Context Matters, or, Why I Didn’t Hate That One Thing in The Rise of Skywalker That I Was Expecting to Hate

I wanted “Middle Chapter Romance” to conclude my thoughts on this ship and just take The Rise of Skywalker as it came. Whether the end result was what I wanted or not, I planned to let it be. I don’t like talking about this. I’d much rather talk about “Twin Suns”. But, alas, The Rise of Skywalker made a set of decisions so incongruous that this topic is back gnawing at me, and I will have no peace until I’ve processed it all.

So.

That kiss.

You may recall that I have a special place in my heart for Larma D’Acy. If anyone deserved to get her girl, it was our gallant Commander. Yes, D’Acy, please cause a scene.

Nevertheless, this is exactly what we all expected when J.J. Abrams promised us LBTQIA+ representation in Star Wars. A minor character has a blink-and-you-miss-it moment of queer affection, and the filmmakers all pat themselves on the back for being so inclusive and progressive.

Of course, this isn’t the only kiss in the film, nor is it the one I aim to discuss in this article, but it does tie in to my reaction to the kiss between Rey and Ben. I don’t hate the Rey-Ben kiss as I would have expected to, but it still has me baffled and even angered. It’s all about the context.

I did not know where they were going, but a single end result seemed to loom large in my mind: Rey would become an emotional crutch for Kylo, and so he would be redeemed. And I would be expected to cheer at her sacrifice.

– Me, “I Didn’t Take You For a Coward – An Emotional Response to the Last Jedi

Before we get to the kiss, we need to go back to the turning point for Ben Solo: the Endor duel. Up to and through this point, Rey opposed him at every moment. She makes no excuses for Ben’s actions. She protects her boundaries fiercely. When she turned around and saved his life, it was on her terms. She didn’t capitulate because Ben wore her down – the inevitability I feared in The Last Jedi – but because she chose to act as a Jedi, showing compassion even to a persistent tormentor.

Oh look. 

“Twin Suns”.

To me, Rey’s line of “I did want to take your hand: Ben Solo’s hand” doesn’t speak of romance but of Jedihood. In the audio commentary of “Twin Suns”, Dave Filoni says that Obi-Wan didn’t want to fight Maul on Tatooine; he wanted to see that Maul had changed. When it was clear that Maul hadn’t, Obi-Wan takes his stand, which still has room for compassion. In healing Ben, Rey demonstrates that same compassion – in defiance of her dark side – without absolving Ben of his actions. He chose to become the Supreme Leader, he has been assaulting her physically and emotionally, and therefore, whatever he doesn’t like about their current relationship is on him.

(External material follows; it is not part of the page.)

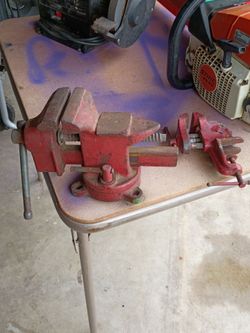 Bench Vise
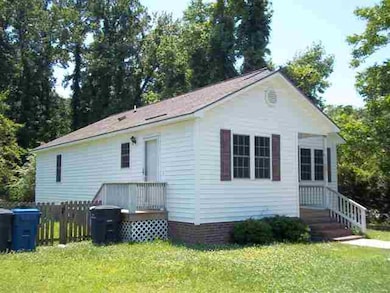 802 Country Club Rd, Jacksonville, NC 28546 - photo 2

In no moment is Rey an emotional crutch to Ben. She refuses to be. By her refusal to accommodate his emotional demands at her expense, he is forced to change if he wants any connection with her.

That is the context that led me to experience their team-up in The Rise of Skywalker with the same emotional high that I believe was intended for the throne room in The Last Jedi. That is the context that made me not hate the kiss.

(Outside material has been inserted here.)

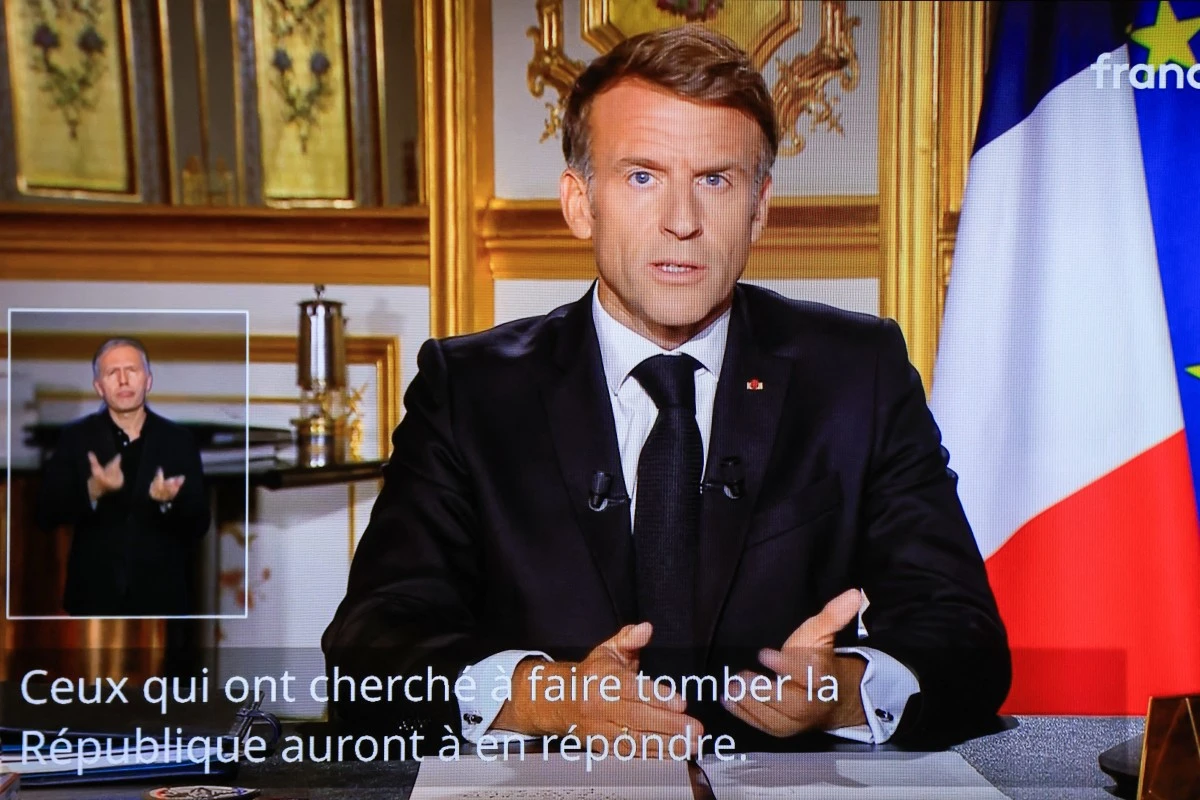 Violences en France : Macron admet des «défaillances» et demande à la police de nouvelles méthodes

To be clear, I don’t buy that he’d done enough to demonstrate that he’d earned it. After all, Ben had been gentle and saved her life before, only to flip back around to calling her “nothing” and leaving her friends to die. But that was a hell of a lot more accountability than I was expecting the filmmakers to demand of him.

If my lack of hatred comes from the context of The Last Jedi and Rebels, my bafflement comes from the movie itself. If the end goal of The Rise of Skywalker was truly Rey and Ben as a romantic couple, why does it double-down on Ben’s torments of Rey before she heals him on Endor? Subtext open for interpretation from The Last Jedi becomes text as she screams at him through tears, “I don’t want this!” Others have talked more in-depth on the parallels to abuse, and I think I too would be more angry at this decision if I wasn’t further baffled by the fact that the kiss is immediately brushed aside upon his death.

Rey displays no sorrow at his passing as she returns to the Resistance base to embrace Finn and Poe. Instead, there is joy at seeing BB-8 and fierce relief in seeing her friends alive. On Tatooine, she sees only the Force ghosts of Luke and Leia as she claims the Skywalker name, emphasizing that her claim is not through marriage but adoption. Everything in the denouement of the movie focuses on her finding familial love, the siblings and the parents she chooses. Any romance she may have found is just forgotten. It’s arguable that Ben’s presence might have been more strongly felt through the ending if he and Rey had shared a warm embrace instead, paralleling the lingering one between her, Finn, and Poe.

To be clear, it’s no skin off my nose personally that Ben’s influence on Rey’s life is downplayed; I’ve never interpreted her as attracted to him, and I prefer the relationships she has with her fellow Resistance heroes. But for the movie itself to back off from the kiss like D-O’s “N-no, no thank you” has me wondering why it was even included in the first place.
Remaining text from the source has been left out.